Louisiana Governor Kathleen Blanco warned looters yesterday that National Guard troops are ordered to shoot and kill to end the violence that is rampant in New Orleans.
Announcing the arrival of 300 Arkansas National Guard troops in New Orleans fresh from service in Iraq Blanco said, "these troops are battle-tested. They have M-16s and are locked and loaded."
"These troops know how to shoot and kill and I expect they will," she said.
A few comments.
1- Gov. Blanco's words are meant to be a warning to deter the looters in Louisiana. This is all well and good. Only one problem as Dr. Steven Taylor points out, the people in the city aren’t getting any outside information. They probably aren't, no electricity means no television, no internet. Admittedly there is word of mouth and the radio, but from the news coverage it looks like the city's inhabitants know little of what is going on outside the area.

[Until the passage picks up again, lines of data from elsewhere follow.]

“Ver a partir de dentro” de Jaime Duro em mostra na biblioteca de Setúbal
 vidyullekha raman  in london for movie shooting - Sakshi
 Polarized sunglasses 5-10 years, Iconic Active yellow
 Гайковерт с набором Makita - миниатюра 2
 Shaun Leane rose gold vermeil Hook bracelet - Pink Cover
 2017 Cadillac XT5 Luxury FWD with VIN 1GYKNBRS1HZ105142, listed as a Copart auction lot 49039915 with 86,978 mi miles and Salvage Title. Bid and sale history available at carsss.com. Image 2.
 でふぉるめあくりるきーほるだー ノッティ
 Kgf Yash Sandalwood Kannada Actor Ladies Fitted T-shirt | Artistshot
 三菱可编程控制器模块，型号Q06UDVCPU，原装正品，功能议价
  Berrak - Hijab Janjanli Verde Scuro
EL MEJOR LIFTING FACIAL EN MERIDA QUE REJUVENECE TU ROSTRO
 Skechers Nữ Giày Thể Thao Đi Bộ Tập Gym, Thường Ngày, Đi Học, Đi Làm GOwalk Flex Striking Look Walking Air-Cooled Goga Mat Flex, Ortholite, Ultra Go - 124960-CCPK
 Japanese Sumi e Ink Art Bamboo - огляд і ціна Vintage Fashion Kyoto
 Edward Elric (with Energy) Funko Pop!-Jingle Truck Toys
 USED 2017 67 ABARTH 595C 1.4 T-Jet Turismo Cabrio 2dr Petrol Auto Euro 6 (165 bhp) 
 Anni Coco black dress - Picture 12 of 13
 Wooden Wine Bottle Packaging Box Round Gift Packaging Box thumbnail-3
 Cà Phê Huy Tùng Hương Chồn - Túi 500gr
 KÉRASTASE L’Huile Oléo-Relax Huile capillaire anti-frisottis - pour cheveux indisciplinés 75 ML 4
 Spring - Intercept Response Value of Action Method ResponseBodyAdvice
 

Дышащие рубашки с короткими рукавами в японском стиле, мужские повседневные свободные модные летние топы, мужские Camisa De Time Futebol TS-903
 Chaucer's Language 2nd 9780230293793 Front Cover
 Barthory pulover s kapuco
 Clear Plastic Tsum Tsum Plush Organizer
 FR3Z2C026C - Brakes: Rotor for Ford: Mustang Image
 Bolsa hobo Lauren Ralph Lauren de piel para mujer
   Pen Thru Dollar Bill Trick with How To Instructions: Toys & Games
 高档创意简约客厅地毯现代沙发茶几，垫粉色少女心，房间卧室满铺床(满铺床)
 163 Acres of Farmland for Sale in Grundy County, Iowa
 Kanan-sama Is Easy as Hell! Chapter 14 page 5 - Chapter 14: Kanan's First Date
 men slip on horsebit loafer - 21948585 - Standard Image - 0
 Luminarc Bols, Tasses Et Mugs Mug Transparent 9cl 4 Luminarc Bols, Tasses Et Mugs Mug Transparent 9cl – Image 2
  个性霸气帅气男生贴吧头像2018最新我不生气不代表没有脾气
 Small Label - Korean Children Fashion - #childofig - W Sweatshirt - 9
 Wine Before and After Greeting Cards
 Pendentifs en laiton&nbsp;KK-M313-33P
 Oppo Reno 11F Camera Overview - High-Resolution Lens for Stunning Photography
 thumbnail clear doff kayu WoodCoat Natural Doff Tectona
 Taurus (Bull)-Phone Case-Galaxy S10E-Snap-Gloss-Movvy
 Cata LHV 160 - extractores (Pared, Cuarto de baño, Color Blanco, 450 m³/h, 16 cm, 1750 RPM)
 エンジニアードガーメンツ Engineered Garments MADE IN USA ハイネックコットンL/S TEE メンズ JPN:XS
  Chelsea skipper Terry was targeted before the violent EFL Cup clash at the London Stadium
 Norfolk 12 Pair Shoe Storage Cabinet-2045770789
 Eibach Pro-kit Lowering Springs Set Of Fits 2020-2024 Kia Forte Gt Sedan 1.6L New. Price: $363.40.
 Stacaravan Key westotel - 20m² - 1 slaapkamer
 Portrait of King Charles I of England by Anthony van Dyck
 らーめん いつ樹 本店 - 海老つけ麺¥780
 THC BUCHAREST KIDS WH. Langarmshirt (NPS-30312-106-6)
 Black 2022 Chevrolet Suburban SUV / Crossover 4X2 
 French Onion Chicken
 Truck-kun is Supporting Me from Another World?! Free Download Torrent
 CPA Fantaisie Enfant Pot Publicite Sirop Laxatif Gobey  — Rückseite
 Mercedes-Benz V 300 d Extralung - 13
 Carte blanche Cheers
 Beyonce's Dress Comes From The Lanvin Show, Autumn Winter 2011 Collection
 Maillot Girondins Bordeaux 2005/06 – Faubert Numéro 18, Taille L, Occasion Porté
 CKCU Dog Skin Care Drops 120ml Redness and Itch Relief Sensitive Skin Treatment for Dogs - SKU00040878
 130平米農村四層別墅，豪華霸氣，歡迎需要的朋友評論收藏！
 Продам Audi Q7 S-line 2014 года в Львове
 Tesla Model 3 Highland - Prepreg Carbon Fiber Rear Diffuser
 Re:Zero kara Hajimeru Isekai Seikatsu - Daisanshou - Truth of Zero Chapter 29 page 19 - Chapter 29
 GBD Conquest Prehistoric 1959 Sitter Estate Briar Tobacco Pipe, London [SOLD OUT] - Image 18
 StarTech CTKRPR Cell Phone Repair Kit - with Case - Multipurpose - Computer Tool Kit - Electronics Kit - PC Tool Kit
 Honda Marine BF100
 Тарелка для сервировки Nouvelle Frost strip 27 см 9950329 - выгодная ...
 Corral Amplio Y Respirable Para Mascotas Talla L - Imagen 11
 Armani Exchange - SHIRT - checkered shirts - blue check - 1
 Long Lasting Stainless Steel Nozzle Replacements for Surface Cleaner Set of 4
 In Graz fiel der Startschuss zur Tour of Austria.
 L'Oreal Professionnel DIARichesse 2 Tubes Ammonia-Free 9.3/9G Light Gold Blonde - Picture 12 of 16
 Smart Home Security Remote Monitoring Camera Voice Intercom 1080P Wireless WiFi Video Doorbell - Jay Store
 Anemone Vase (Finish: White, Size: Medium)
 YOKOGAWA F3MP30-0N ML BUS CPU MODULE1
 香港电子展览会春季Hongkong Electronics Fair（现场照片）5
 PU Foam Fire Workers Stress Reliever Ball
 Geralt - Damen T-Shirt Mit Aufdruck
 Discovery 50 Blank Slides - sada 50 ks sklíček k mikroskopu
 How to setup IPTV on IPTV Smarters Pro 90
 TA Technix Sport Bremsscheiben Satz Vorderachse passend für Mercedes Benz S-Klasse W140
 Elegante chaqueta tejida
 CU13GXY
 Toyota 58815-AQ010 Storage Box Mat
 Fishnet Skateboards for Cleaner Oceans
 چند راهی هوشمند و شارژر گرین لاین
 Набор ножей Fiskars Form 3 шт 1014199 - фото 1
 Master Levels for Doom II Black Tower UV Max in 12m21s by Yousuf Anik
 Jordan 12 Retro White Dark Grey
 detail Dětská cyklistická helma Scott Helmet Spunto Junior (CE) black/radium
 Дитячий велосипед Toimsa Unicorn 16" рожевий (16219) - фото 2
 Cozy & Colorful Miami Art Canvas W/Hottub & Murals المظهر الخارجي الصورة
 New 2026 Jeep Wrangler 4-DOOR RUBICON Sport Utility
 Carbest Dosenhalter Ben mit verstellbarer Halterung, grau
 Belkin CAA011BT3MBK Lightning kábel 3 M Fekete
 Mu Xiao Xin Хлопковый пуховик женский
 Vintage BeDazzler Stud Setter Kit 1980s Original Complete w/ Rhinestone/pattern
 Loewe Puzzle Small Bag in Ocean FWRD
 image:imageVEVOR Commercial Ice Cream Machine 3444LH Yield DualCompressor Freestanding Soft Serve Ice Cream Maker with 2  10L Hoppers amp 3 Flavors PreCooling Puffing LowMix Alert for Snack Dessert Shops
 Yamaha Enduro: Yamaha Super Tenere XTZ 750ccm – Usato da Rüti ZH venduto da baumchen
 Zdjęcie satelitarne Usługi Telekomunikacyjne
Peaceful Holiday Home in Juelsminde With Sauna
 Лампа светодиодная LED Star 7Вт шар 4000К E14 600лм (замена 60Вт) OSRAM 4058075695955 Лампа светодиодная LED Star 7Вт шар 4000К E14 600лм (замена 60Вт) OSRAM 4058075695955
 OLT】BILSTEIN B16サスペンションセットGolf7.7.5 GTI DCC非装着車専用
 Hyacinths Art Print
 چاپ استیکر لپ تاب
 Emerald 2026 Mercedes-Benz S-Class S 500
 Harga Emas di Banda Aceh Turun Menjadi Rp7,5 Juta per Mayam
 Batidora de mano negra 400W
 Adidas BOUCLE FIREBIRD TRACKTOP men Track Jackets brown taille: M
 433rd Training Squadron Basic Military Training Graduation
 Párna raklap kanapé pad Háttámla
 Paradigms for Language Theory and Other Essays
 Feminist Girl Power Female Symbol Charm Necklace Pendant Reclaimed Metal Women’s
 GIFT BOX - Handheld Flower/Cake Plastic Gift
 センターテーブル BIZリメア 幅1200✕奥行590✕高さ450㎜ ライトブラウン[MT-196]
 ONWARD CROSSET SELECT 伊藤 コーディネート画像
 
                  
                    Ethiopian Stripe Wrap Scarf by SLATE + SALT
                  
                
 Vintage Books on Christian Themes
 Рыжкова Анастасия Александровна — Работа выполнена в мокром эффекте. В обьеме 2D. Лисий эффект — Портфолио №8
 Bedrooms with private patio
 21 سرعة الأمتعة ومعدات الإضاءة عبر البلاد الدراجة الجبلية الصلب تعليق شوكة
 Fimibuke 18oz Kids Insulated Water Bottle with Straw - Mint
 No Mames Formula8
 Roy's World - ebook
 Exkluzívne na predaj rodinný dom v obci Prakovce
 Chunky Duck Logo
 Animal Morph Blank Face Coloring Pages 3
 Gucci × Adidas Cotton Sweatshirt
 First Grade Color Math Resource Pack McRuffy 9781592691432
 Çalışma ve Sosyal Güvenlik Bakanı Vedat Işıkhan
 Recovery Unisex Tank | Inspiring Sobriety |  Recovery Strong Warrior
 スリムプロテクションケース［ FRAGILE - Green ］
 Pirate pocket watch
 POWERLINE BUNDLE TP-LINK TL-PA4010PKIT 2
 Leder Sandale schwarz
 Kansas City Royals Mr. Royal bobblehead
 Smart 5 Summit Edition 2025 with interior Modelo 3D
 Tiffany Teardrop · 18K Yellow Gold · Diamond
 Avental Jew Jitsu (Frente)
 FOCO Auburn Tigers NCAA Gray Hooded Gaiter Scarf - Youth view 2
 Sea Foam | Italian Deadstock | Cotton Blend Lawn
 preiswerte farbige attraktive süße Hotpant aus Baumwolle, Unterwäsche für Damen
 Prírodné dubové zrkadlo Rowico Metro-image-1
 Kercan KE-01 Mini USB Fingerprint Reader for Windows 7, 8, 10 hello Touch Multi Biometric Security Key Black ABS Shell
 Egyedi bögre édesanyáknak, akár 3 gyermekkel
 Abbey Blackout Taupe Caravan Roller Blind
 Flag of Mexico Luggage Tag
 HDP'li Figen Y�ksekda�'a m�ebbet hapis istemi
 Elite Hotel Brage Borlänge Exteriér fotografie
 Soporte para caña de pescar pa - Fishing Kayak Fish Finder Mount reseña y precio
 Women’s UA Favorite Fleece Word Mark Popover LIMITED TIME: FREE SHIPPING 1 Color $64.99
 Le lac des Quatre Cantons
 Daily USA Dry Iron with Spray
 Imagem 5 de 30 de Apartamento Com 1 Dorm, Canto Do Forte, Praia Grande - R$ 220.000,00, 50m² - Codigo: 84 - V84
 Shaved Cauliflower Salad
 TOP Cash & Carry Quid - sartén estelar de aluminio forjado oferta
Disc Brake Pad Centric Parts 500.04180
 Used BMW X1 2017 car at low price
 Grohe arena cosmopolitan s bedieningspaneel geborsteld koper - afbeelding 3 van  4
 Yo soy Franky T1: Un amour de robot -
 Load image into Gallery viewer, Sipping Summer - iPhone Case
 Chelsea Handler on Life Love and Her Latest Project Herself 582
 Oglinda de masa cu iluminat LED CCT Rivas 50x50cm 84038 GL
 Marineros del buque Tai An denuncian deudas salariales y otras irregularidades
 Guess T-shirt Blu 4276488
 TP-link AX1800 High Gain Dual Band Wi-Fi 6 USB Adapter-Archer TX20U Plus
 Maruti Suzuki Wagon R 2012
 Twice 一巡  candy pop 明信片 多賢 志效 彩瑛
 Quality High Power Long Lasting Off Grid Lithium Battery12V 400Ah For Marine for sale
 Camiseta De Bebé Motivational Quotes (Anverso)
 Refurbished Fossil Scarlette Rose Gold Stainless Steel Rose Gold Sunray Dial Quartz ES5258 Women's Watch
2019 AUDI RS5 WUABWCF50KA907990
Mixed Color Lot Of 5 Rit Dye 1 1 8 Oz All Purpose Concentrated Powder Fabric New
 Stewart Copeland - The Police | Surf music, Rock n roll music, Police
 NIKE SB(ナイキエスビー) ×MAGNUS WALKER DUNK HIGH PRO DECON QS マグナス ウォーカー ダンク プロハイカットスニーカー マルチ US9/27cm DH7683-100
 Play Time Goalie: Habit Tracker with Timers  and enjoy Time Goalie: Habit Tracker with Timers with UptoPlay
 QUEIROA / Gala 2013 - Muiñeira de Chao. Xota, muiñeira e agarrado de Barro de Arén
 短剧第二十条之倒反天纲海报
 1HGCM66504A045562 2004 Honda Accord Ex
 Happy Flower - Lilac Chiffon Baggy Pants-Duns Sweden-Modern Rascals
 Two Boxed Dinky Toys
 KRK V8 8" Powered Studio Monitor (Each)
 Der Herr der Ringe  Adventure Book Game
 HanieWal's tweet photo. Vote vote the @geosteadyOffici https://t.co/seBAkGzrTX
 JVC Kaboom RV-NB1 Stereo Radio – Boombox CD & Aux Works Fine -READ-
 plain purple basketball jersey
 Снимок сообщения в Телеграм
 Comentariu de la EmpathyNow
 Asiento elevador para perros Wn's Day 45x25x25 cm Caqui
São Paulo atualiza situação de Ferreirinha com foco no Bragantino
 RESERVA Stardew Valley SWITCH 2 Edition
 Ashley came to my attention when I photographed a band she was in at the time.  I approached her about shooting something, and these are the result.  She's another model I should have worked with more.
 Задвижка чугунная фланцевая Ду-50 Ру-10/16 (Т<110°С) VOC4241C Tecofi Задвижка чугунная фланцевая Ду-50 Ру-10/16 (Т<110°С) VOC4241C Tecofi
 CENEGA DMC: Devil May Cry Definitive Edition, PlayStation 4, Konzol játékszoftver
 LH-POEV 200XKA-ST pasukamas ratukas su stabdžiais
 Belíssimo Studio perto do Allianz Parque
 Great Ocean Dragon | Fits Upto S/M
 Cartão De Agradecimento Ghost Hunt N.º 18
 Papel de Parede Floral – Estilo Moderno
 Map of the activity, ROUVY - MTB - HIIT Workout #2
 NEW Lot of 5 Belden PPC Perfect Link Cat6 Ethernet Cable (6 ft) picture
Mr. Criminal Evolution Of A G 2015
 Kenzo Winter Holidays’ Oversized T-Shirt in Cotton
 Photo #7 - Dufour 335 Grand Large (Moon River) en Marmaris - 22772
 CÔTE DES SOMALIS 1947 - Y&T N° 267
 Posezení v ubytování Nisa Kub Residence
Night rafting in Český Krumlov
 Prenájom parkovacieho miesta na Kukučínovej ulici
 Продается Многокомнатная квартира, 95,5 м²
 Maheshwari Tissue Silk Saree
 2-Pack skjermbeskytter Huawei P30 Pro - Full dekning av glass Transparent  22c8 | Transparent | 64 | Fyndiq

2- Is Governor Blanco's order, an appropriate response? James Joyner at OTB writes.
These are desperate times which, I'm told, call for desperate measures. Having the American military shooting suspected looters on sight, however, is an outrageous precedent from which we may not recover.
Indeed, were I still on active duty, I would refuse this order as illegal. Not only does the use of the military for domestic law enforcement rather clearly violate the posse comitatus law but shooting unarmed civilians violates all the ethics of professional soldiering that I learned. It is ironic, too, that we are treating an American city suffering from the worst natural disaster in memory as a hot fire zone while our soldiers fighting in Iraq are under much, much tighter rules of engagement.
My own take is I wouldn't be worried about legal precedent. Anarchy is ruling the city right now, Snipers have shot at rescue convoys, people are being raped. Violence is over runing the city. Jails are uninhabitable. What are we supposed to do with the criminals? Somehow we need to get the message across this behavior is not going to be unpunished.
All that said, you have to look at this from the angle of the troops and policeman. Most of these people have conscience, they will not want to shoot people without it being warranted. Will they want to live the rest of their lives with the fact they shot someone who was stealing?
There are no easy answers. God help the people of Louisiana and Mississippi.